The debate of the justiciability of Economic, Social and Cultural Rights (ESCR) is no longer about its recognition since many Courts around the world have been issuing sentences granting protection to millions of people around the world. The debate today is different. The debate is about its implementation, its enforceability. To put it simply, Court decisions on ESCR are not being implemented by States. This lack of compliance by State actors is not only threatening the legitimacy of Courts but also is denying the opportunity to millions of victims of violations of ESCR to obtain some type of protection as well as reparation.

In Colombia, for instance, thousands of children have died in the last years due to malnutrition. Many of these children are vulnerable and in need of special protection, many of them also belong to special groups protected by the State such as indigenous people. Last August the Constitutional Court of Colombia issued Judgement T-466-16 ordering different remedies to state institutions and structuring a timetable for the government so that it might provide a robust solution to this crisis. This timetable entails that by August 2017, public authorities must adopt measures to solve the crisis of food and healthcare affecting children. At the same time, the Court asked the authorities to report back their activities and results achieved in order to guarantee the rights of the children.

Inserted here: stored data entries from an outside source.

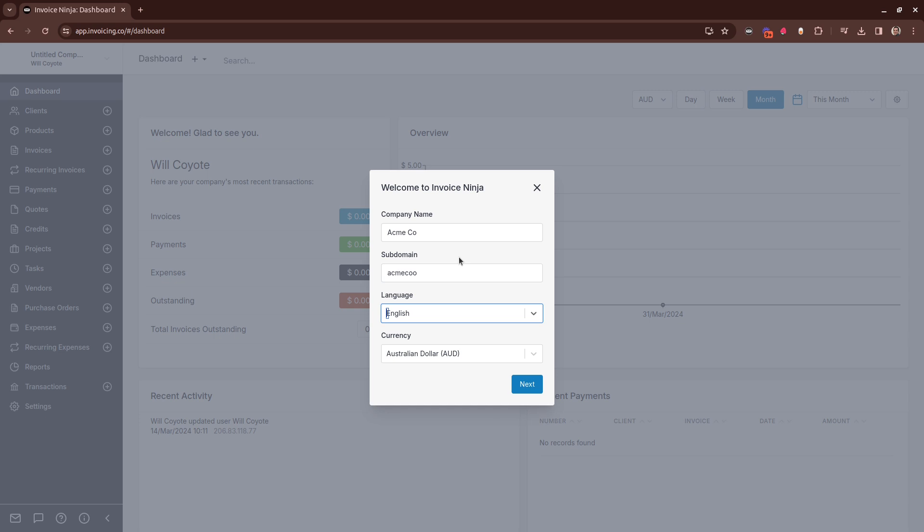The next is the language, and that's the language that both you and your clients will see on the client portal. And don't worry if you do have clients from other locations, you can customize their client portal to their particular language as well.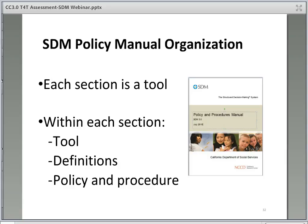The SDM policy manual contains all of the information necessary to complete all of the assessment tools. Within each section, you will find the tool itself, definitions, and the policy and procedure with explicit instructions on how to complete the tool. Instructors should familiarize themselves with the SDM policy and procedure manual. The majority of CORE classes include activities that will ask students to refer to their SDM manuals. It is very important for instructors to remind trainees to double-check the definitions to ensure they are completing the SDM tools correctly. Additionally, please refer to the handout 'Assessment and SDM Instructor Resources' included in this course for the link to the SDM training website, which provides additional information about SDM and how to utilize the tools.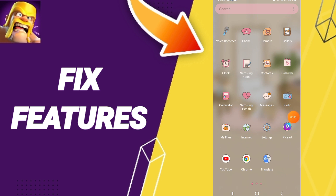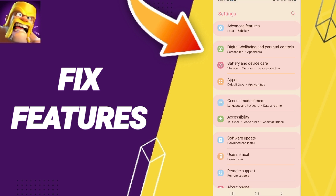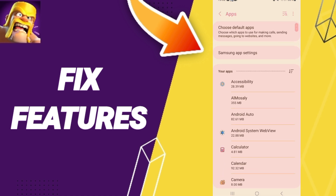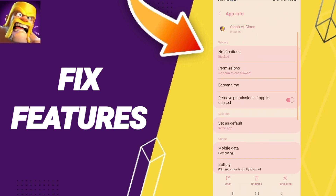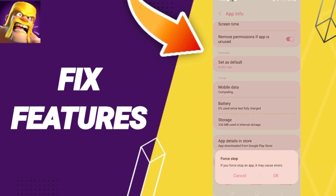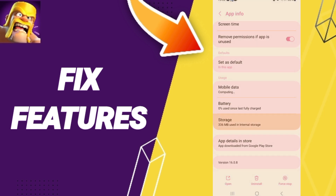You can go to Settings, then enter Apps, Default Apps, App Settings, then enter Clash of Clans. Here you will go to Force Stop and click OK.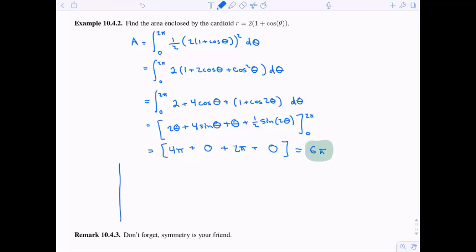For instance, if I sketch out this cardioid by plotting four points — when theta is zero, when theta is pi over two cosine is zero so r equals two, same for theta is negative pi over two, and when theta is pi we get zero — we would get a shape that looks like a cardioid, kind of like a heart.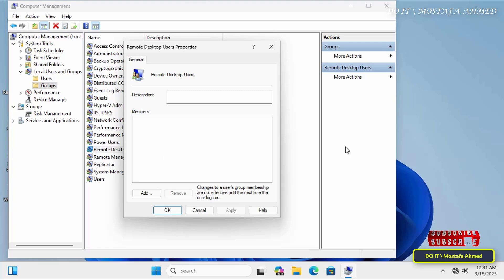Applying this group policy is a practical and effective way to secure your network by preventing unauthorized users from accessing remote desktop connections. This enhances your network security, enforces stricter security policies, and reduces potential security risks.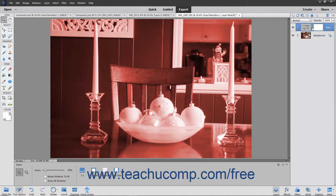When you add an adjustment layer or a fill layer to an image, note that the layers are added along with a linked layer mask. The layer mask appears to the right of the fill or adjustment layer within the Layers panel. A chain link icon appears between the layer and the layer mask to let you know that they are linked together.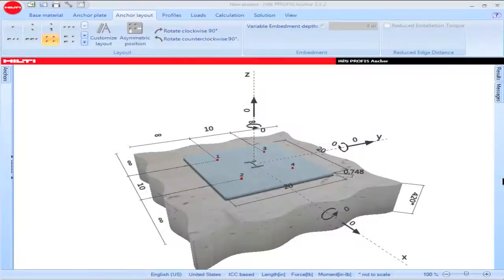This PROFIS Anchor tutorial will discuss the features of the Anchor Layout tab. Click on the Anchor Layout tab to input parameters for the anchors that will be used in your application.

Participation and consultation processes must be integrated into the plans and strategies adopted, and finally, every eight month the Court will be verifying the solutions implemented in relation to the structural situations affecting the dignity of this social group.

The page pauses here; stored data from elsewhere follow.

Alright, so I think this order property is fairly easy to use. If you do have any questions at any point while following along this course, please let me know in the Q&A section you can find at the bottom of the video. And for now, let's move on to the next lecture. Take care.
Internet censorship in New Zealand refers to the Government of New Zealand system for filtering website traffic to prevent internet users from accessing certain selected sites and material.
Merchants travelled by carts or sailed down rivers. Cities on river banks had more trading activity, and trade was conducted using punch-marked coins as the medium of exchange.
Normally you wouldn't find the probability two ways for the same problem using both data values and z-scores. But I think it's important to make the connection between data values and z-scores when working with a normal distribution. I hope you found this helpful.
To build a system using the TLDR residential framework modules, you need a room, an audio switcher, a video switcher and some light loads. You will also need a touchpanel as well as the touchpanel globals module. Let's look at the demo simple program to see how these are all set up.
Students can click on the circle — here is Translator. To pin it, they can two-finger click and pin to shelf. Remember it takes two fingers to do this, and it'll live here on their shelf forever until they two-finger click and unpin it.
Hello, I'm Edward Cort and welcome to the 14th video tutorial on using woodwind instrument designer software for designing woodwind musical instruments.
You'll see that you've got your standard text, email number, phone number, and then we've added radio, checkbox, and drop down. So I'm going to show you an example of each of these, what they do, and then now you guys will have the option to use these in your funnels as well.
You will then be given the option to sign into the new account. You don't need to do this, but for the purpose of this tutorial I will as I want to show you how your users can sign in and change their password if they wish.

According to Rodríguez Garavito (2014) among the factors that influence the implementation in domestic ESCR cases we might find the legitimacy and strength of the judiciary, institutional capacity, costs of implementation, size of litigant group and especially social movements surrounding litigation. It is very important to highlight that Judgement T-466-16 have included some elements in order to ensure the monitoring of the implementation process such as the retention of monitoring jurisdiction by the Court and the use of indicators to measure compliance, however, what is lacking at this moment is the use of expert committees or social groups that could have a strong role in the monitoring process. In decision T-025 de 2004 (internally displaced population in Colombia), for instance one of the factors that influenced the successful implementation of remedies issued by the Court was the role that the UN Refugee Agency as well as other NGOs and civil society organizations played in the monitoring process. A similar strategy was implemented in India in the case People´s Union for Civil Liberties v. Union of India & Others where the Supreme Court created the role of Commissioners who were not only in charge of monitoring complaints and problems during the implementation process but also this group was also in charge of the coordination process among different stakeholders. Thanks to this strategy the Supreme Court of India was able to generate some social change.

New dislocations will be emerging due to the separation of the economic and the social and new social reactions will be consolidated.